First up, we have Shriekin’ Specialist, the stage name of Irish DJ/producer Jack Sheehan, who also records under the name Bobanghi. He just signed to up-and-coming online label Little League Records, an Ireland-based label which is well on its way to becoming a melting pot of creative minds, with Shriekin’ Specialist being at the vanguard. His debut single is two-tracks, the A-side being “Last,” and the B-side being “Evening.”
“Last” and “Evening” both share traits with the recent “cloud rap” movement of producers like Clams Casino. These two beats are very atmospheric, light, dreamy, and, well, cloudy. If you enjoy the instrumentals from A$AP Rocky’s debut mixtape, or anything by The Weeknd or Kitty Pryde or Yung Lean, then these two tracks should definitely be in your library.
“Last” is definitely the more atmospheric of the two, with light drums tapping away over an almost shoegazey synth line, and some dub styles thrown into the mix. It’s almost psychedelic, and goes through a very interesting progression. The drums become more and more complex as the song goes on, with some trap-influenced hi-hats and snares snaking their way in, making “Last” a very interesting take on this genre.

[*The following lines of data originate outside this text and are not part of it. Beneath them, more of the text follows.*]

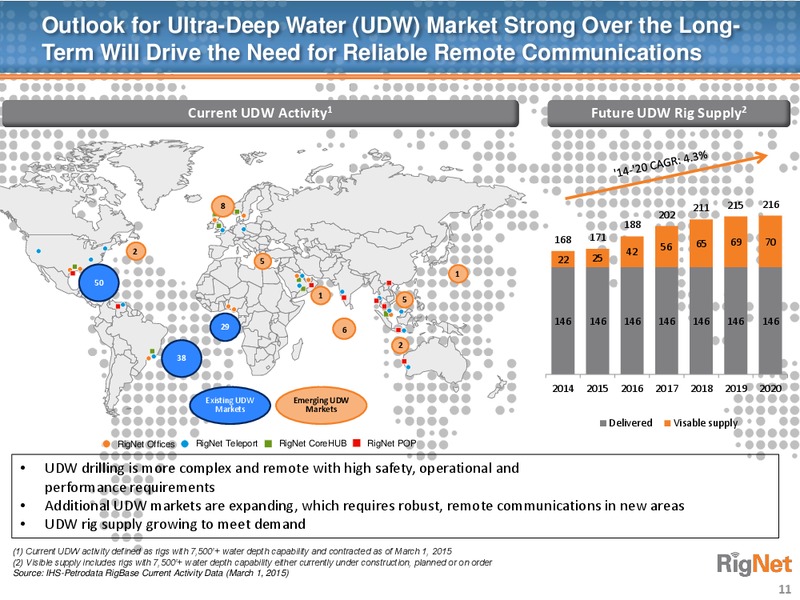 JEFFERIES TMT CONFERENCE – Rignet, Inc. – slide 10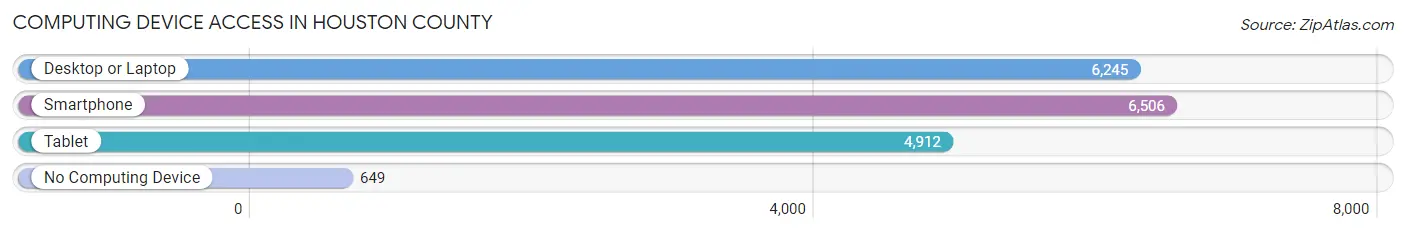 Computing Device Access in Houston County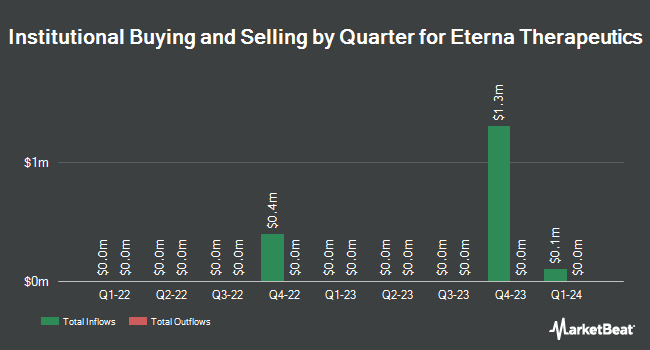 Institutional Ownership by Quarter for Eterna Therapeutics (NASDAQ:ERNA)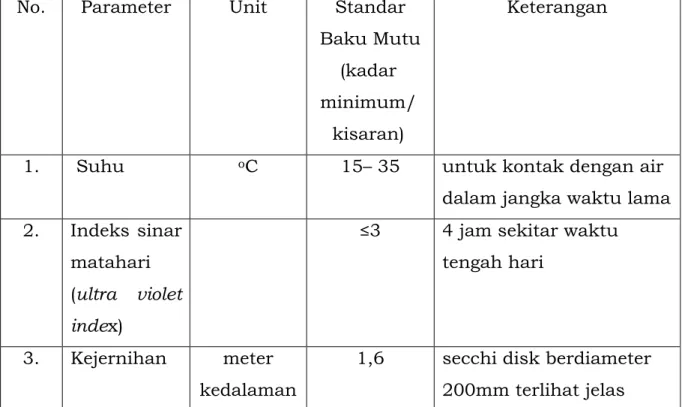 Tabel 10. Parameter Fisik dalam Standar Baku Mutu Kesehatan  Lingkungan untuk Media Air Pemandian Umum 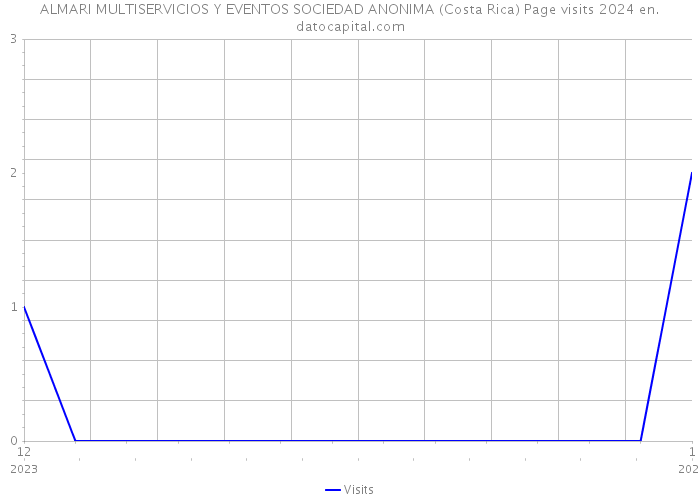 ALMARI MULTISERVICIOS Y EVENTOS SOCIEDAD ANONIMA (Costa Rica) Page visits 2024 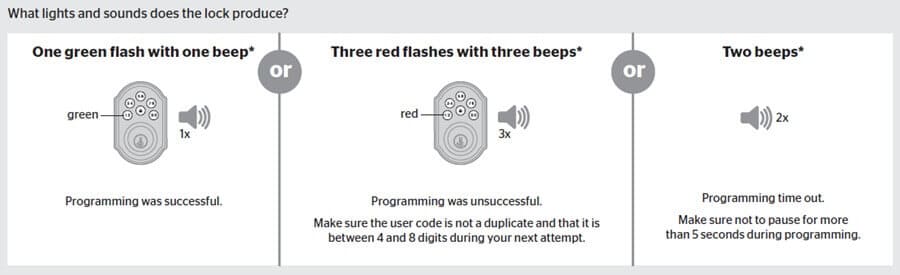 Das Keypad blinkt 15 Mal rot mit 15 Pieptönen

“Evening” is a significantly heavier track, that plays almost like one of Crystal Castles’ less noisy songs. The drums are definitely a very vital part of this song, and when paired with the wah-wah synths make this sound more like a bass song than a cloud rap song, but it still does retain that cloudy quality that makes it so relaxing. It’s not at all overbearing. It’s like someone took a TNGHT or Lex Luger instrumental, colored it pink, filtered it through some bubbles, and added some Mario music.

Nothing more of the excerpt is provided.